Style Guides
Is it per cent, percent or simply %? May 15th or 15 May? Who and what needs to be capitalised? Is it 13 or thirteen?
In journalism, consistency is of the utmost importance. Constant changes of tone or language confuse readers. As such, style guides have been adopted by most news organisations, publications and universities to maintain the status quo of language within stories.
Journalists working for different publications need to be quick to adapt to each one’s style, so it’s handy to be familiar with a few of them:
Style Guides available online
- The Associated Press (AP) Style Guide is one of the most commonly used, with some individual publications borrowing from it to create their own style manuals. The entire style guide is available under a purchase or subscription model here, but Purdue University does a good rundown of AP basic rules here.
- The ABC style guide is here, on an easily navigable web interface. The ABC also has a pronunciation database of proper and place names here.
- JournOz has a collection of free style guides available online, including The Economist.

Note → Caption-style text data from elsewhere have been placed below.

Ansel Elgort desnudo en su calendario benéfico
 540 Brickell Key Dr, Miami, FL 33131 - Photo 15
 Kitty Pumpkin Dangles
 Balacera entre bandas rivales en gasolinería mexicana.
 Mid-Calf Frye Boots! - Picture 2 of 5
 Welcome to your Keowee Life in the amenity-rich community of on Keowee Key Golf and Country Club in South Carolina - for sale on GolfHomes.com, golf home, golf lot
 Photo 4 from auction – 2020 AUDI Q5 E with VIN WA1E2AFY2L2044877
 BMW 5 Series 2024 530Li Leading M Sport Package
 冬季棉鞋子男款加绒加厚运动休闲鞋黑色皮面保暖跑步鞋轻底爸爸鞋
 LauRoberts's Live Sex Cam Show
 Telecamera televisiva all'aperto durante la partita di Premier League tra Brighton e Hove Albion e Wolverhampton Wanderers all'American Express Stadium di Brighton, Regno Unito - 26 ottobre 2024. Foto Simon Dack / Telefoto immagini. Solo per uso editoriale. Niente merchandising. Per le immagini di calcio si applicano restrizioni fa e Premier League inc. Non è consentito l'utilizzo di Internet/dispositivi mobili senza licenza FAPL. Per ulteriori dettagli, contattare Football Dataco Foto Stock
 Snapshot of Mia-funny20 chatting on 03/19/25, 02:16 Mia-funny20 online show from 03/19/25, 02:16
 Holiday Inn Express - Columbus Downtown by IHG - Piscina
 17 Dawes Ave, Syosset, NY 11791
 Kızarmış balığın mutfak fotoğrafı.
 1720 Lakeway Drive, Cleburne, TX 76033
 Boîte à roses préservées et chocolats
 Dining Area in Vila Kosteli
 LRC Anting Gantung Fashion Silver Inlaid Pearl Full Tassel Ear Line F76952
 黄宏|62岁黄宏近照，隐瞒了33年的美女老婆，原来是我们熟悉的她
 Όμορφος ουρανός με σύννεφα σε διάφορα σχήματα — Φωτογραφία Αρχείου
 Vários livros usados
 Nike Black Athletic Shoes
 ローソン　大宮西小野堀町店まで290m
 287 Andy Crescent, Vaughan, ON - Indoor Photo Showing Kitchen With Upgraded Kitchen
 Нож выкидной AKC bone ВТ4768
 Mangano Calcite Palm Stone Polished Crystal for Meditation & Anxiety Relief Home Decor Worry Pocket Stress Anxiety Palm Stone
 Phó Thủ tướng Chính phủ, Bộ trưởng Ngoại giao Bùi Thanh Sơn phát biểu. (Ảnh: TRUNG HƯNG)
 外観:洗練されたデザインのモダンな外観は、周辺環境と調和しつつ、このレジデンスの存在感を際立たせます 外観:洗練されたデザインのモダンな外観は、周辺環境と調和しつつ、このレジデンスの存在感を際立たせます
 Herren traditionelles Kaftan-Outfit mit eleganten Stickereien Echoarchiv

- Buzzfeed has its style guide here, including its editorial standards and ethics guidelines. These include guidelines for fact-checking, embeds and polls.
- The BBC News Style guide is here, but it primarily concerns academic output by BBC news.
- The Center for Integration and Improvement of Journalism (CIIJ) at San Fransisco State University has released a Diversity Guide which, although not a style guide, answers many common questions raised in covering modern diversity issues.
- The Guardian has a basic rundown of its style guide available here.
- The Conversation style guide is here, but the writers for this publication are academics rather than journalists.
- The News Manual (a professional resource for journalists and the media) has an extensive list of available style guides available on their webpage here.
Before you get outraged by the strictness of the Style Guides, remember that editors know that language is constantly changing. Shakespearean English, although grammatically correct, would not make sense to many of today’s readers. Even the slang used twenty years ago may no longer be relevant. This is why publications regularly make changes to their style guides, to stay current with the language used by audiences, responding to feedback, political events and societal changes.
The Guardian, for example, updated its style guide in 2019 in response to the rising effects of climate change. They resolved to use the words ‘climate emergency, crisis or breakdown’ in place of ‘climate change’, and ‘global heating’ instead of ‘global warming’. There are articles about these updates here, and Madhur Anand wrote a piece for The Conversation about the role of these changes in influencing behaviour around the climate crisis.
Another example of adaptation is The New York Times’s changes to the capitalisations of ‘Black’ and ‘White’ in response to the rising pressure of the Black Lives Matter movement and nationwide protests. These changes, including capitalising Black and not white, are explained here.
One area of language still being haggled over is the use of they and their for a singular person (rather than just as the plural of his or hers). While the singular they was celebrated as the Merriam Webster Word of the Year in 2019, this piece indicates that it is not yet universally accepted in Style Guides.